--- DATA PROVIDED Enclosed Below ---

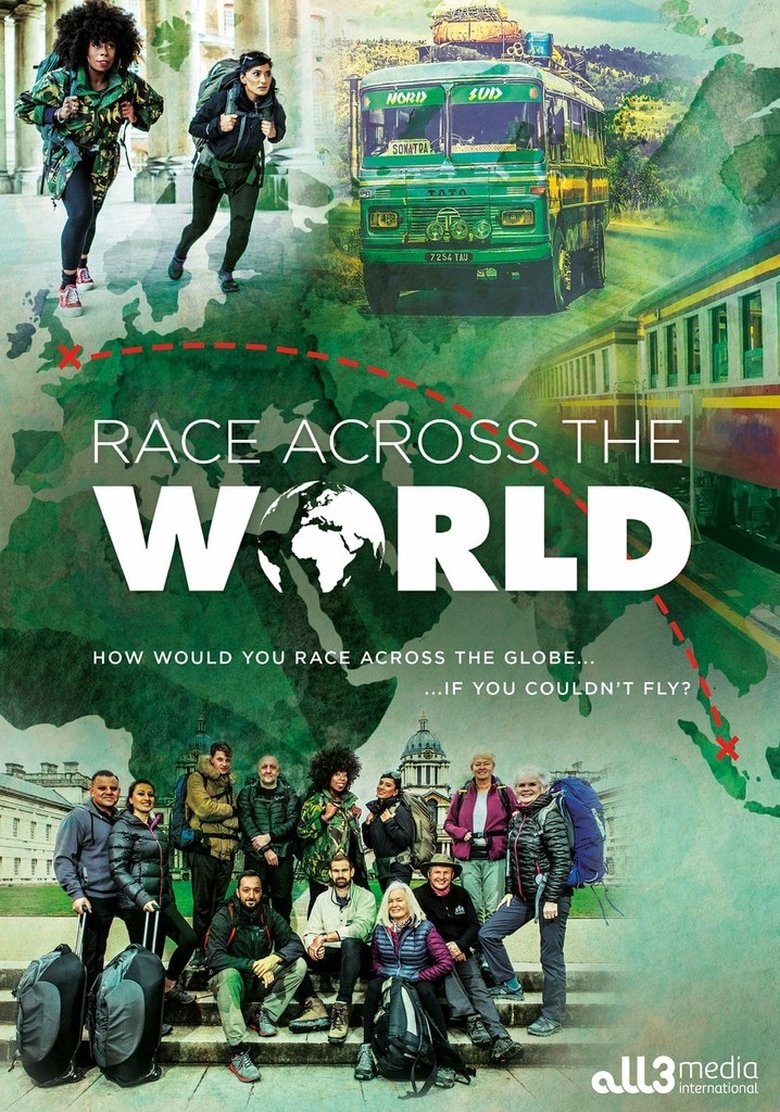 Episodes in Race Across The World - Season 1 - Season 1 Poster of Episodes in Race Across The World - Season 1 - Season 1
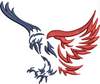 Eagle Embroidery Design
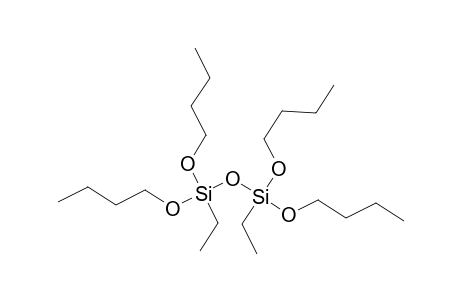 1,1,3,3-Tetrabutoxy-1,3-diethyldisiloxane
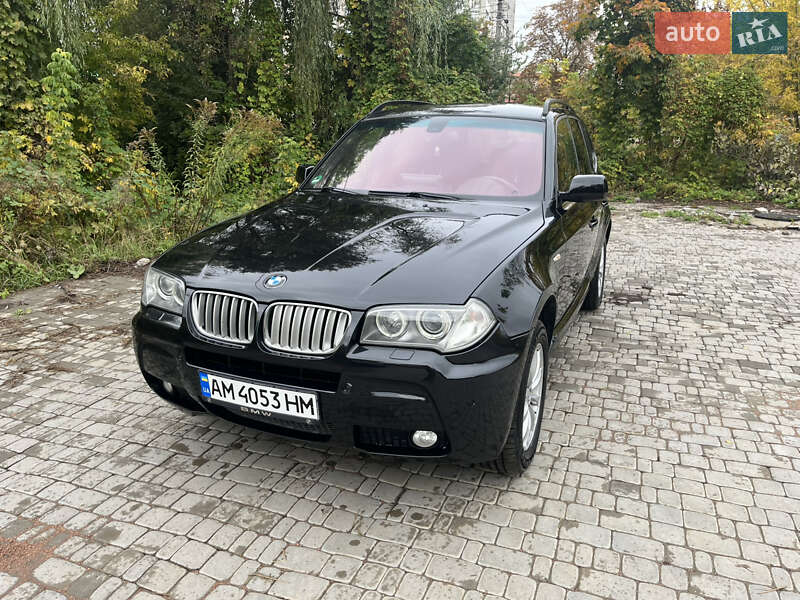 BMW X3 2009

--- End of Enclosed DATA PROVIDED ---

■ **TO DO**: Every line of the data above should be returned exactly, with the pictures removed.

■ **EXERCISE OUTPUT**:
 Episodes in Race Across The World - Season 1 - Season 1 Poster of Episodes in Race Across The World - Season 1 - Season 1
 Eagle Embroidery Design
 1,1,3,3-Tetrabutoxy-1,3-diethyldisiloxane
 BMW X3 2009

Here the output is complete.